Due to new corporate policy changes, instruction was received by Security telling this EMC/Documentum Customer to change all Unix-owned installed applications to LDAP-authenticated from local host authentication.
Has anyone ever done this or is running a Documentum system which is owned a user account which authenticates by LDAP? I detailed it here and looking for some feedback on the lines of “we have done this and the outcome was successful/unsuccessful”.
The part of changing the repository installation owner user account is not necessarily the main issue (though the nature of LDAP is that uniqueness of usernames must be provided which means jiggery pokery with all but one of the many separate installs across the domain) – its performance around LDAP which is the unknown.
Not to cause confusion: Documentum users are LDAP-authenticated anyhow – not the issue.
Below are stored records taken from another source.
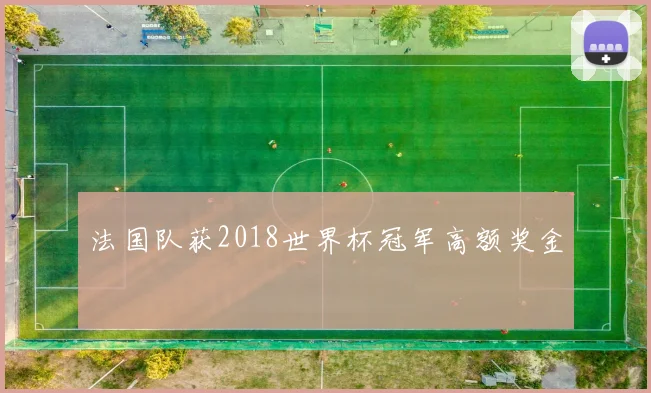 法国队获2018世界杯冠军高额奖金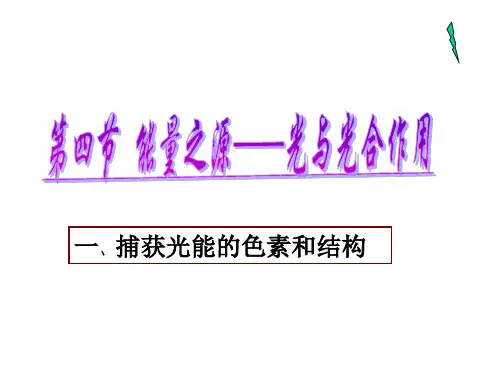 人教版高中生物必修1第五章捕获光能的色素和结构(共35张PPT)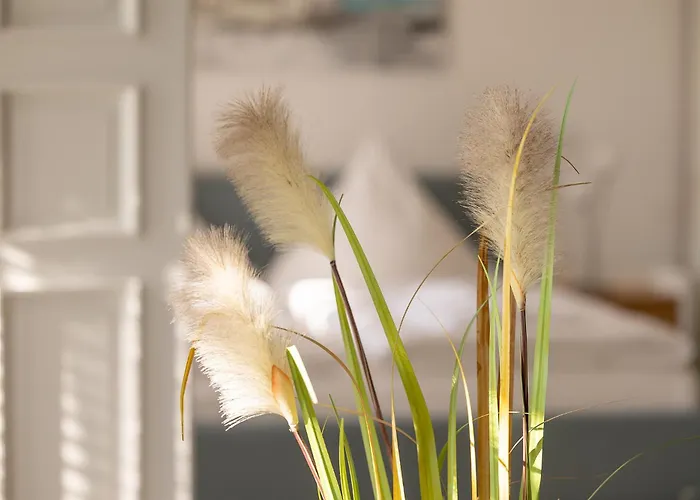 Lejlighed First Meereskristall *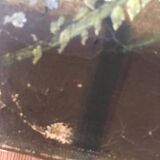 Still life with flowers country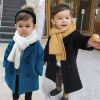 Picture of Kids Boys Wool Long Winter Elegant Collar Over Coat (1 - 6 years) for your BABY Smile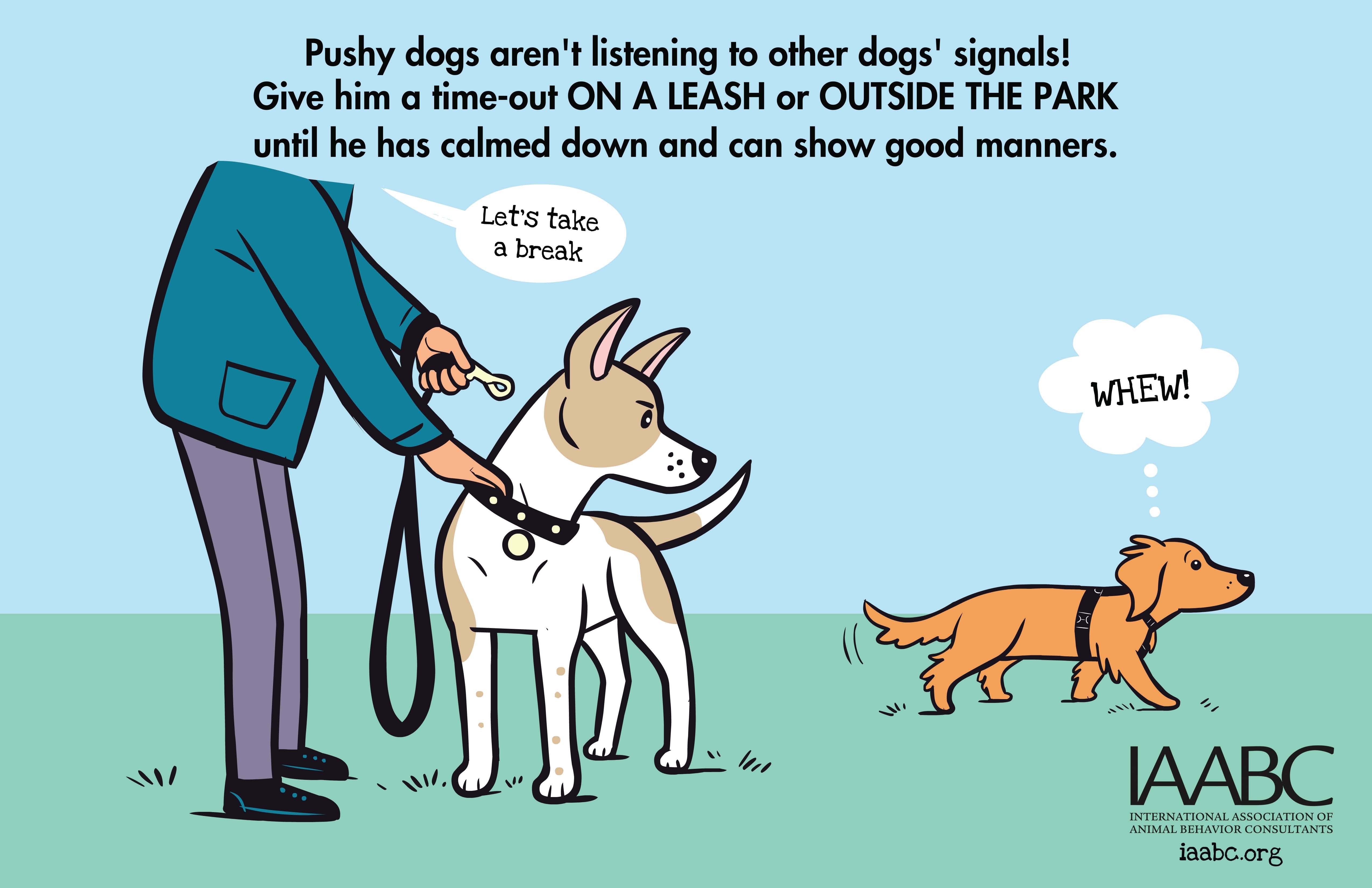 Примирение собак. Сигналы собак. Язык тела собаки. Поведение собак в картинках. Язык собак как понять.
Security tells us we must modify the GxP existing Documentum systems to LDAP on our Red Hat servers – this being something I’ve not seen it done before and not aware by dm_buddies have either.
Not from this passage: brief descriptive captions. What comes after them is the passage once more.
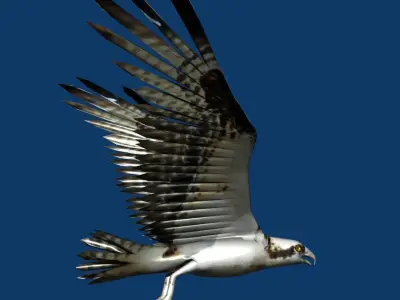eagle osprey 3D model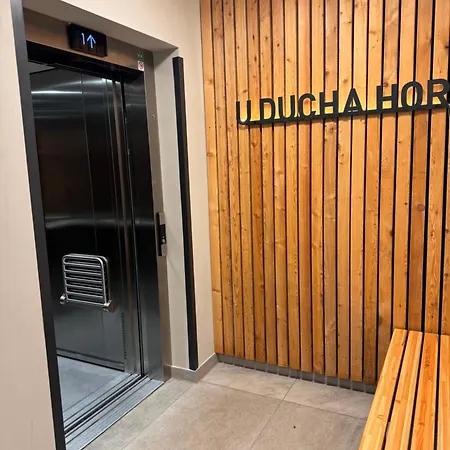 Apartmán Luxusní Grand V Centru Harrachova Se Soukromou Mega Terasou, S Možností Dobíjení Wallbox Ev A Výhledem Na Harrachovský Kostelíček Harrachov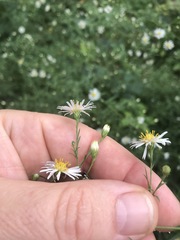 Symphyotrichum lanceolatum lanceolatum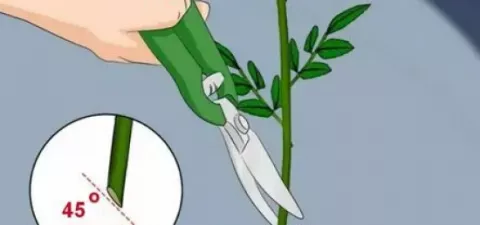 ЧЕК-ЛИСТ по уходу за БУКЕТОМ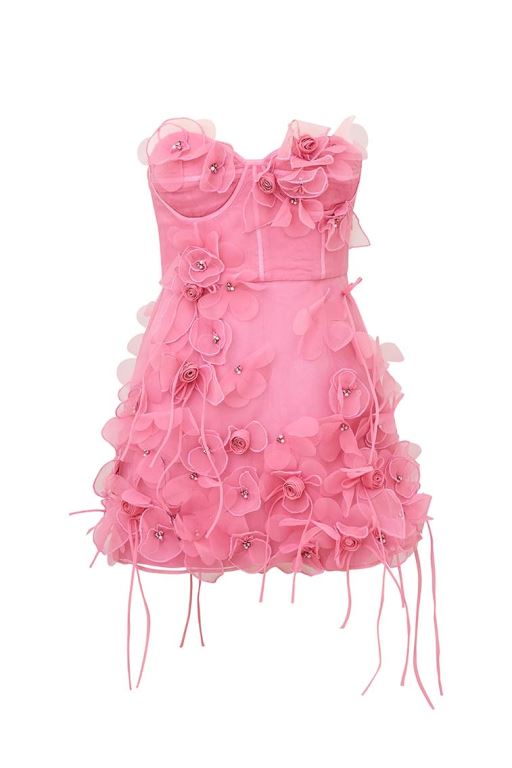 Pink Women LoveShackFancy Sabila Organza Mini Dress | EBL-317820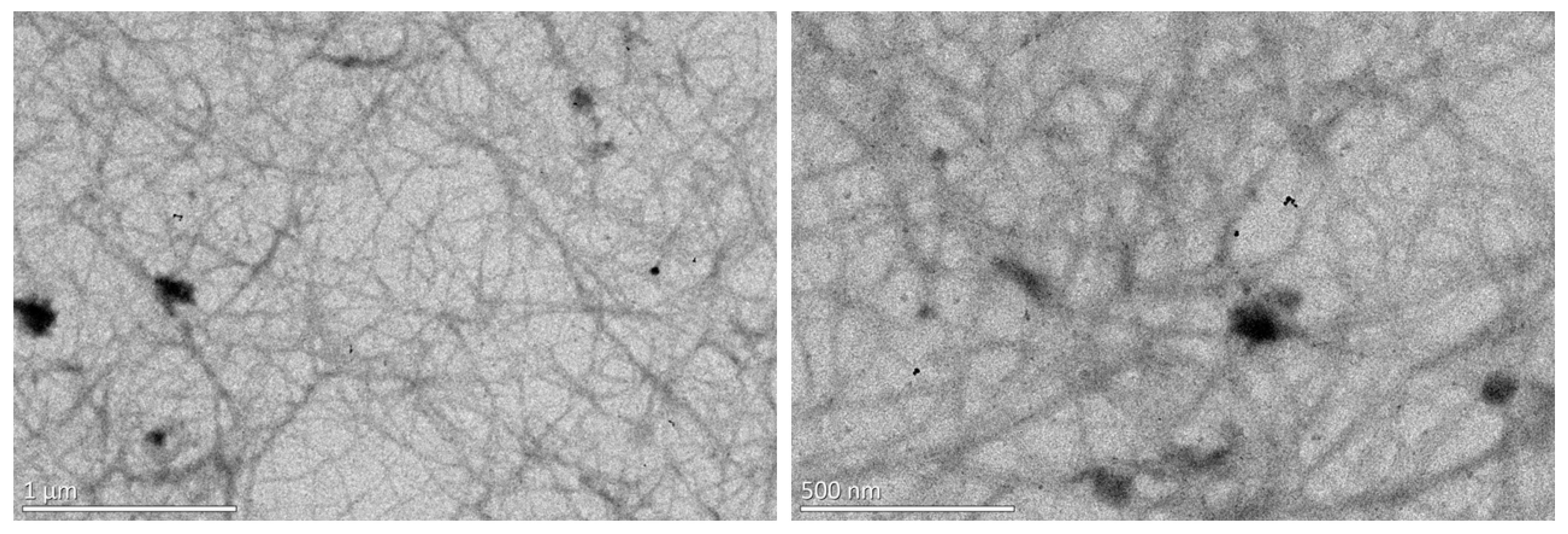 Coatings 12 01734 g009 Coatings 12 01734 g009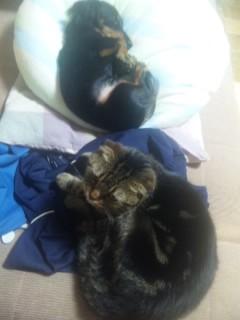 我が家の犬事情パート２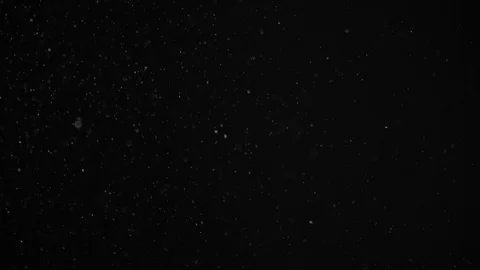 Natural Dust Particles Float On Black Background. Dust In Motion. Stock Footage 104416455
It is implicit from Documentum documentation that domain authentication is supported but Windows does it differently from Unix and the docs don’t distinguish.
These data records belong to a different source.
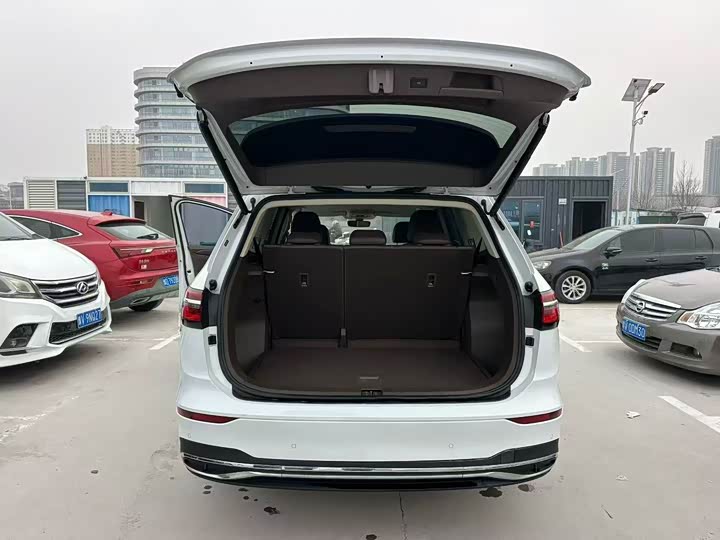 Фото 8 - Volkswagen Viloran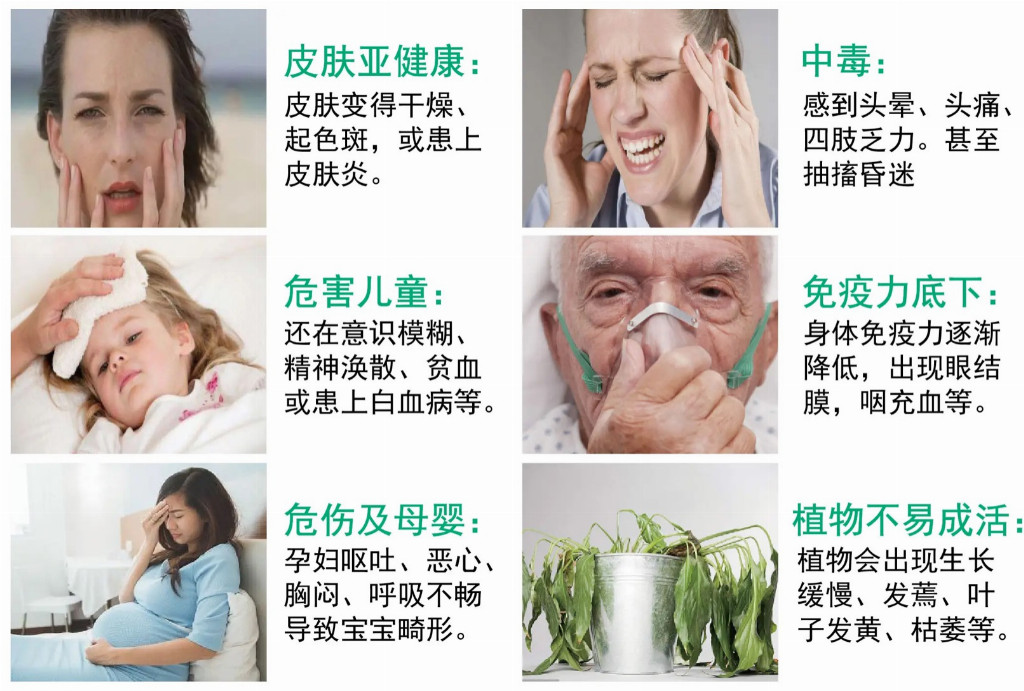 家里有老人小孩孕妈妈，室内装修腻子粉哪个品牌最好最环保？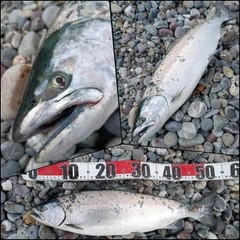 サクラマスの釣果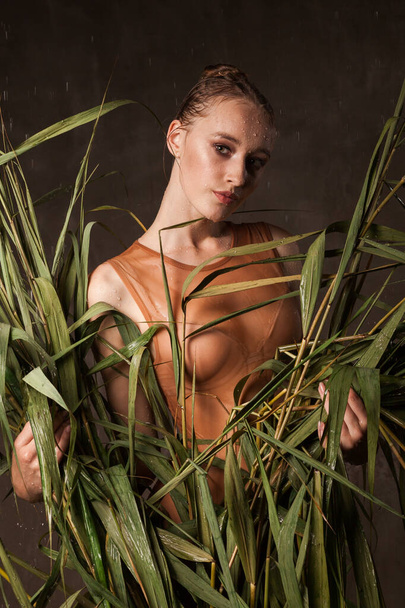 Beautiful young woman with green tropical plant cane grass wearing sexy swimsuit  posed under the rain near dark wall. Copy space background. - Foto, afbeelding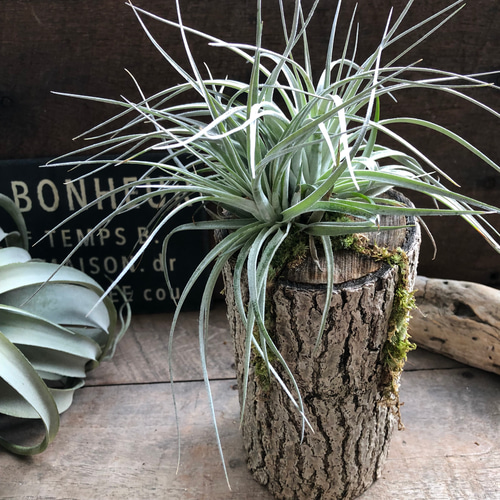 コットンキャンディ♡チランジア♡着生植物♡インテリア☆グリーン雑貨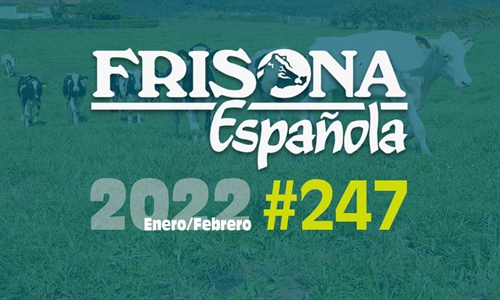 Ya disponible la revista Frisona Espaola n 247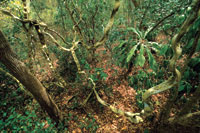 En algunos de los bosques secos tropicales se acumulan arcillas y nutrientes que favorecen el desarrollo de una vegetaci�n exuberante.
Performance I think is the big question – how many hits does the unix dm_check_password have in a day? Hard to measure and case by case but we do know the exercise with an SAP application was rolled back due to the massive number of hits against the LDAP servers saturating them.
My own proposal is untested and follows with three theoretical environments (Prod – dmadminp, Stage dmadmins and Dev, dmadmind):
1. make dmadmin (install owner) an inline user. Saves mucking about with object ownership and getting involved in the docbase.
2. re-own the binaries in each environment with the newly created LDAP user – e.g. dmadminp, dmadmins, dmadmind
3. create a relevant super user in the docbase called dmadminp, dmadmins or whatever?
But anyway, anyone have any comments they can post me about this?
Thanks in advance.
Kevin
Jord said
It is not recommended by EMC, due to the fact that if the LDAP Server is down you will not be able to change anything in your docbase. So a backup account based on a local or inline user is recommended (use case: LDAP goes down and they rebuild the server with a new IP / URL, then you need to change it in the repository).
I have ran repositories with an Active Directory account as install owner. Since AD is also LDAP your proof has been delivered. Maybe your customer is not willing to accept AD as proof though. For other LDAPs I haven’t seen the requirement; most of the Unix people prefer local accounts anyway.
Jord said
As a side note: if you plan on using SSO with Tomcat: don’t go for the easy implementation (can’t recall the name exactly, but I guess it is called JCIFS). This one will hit the LDAP server on every Webtop page load.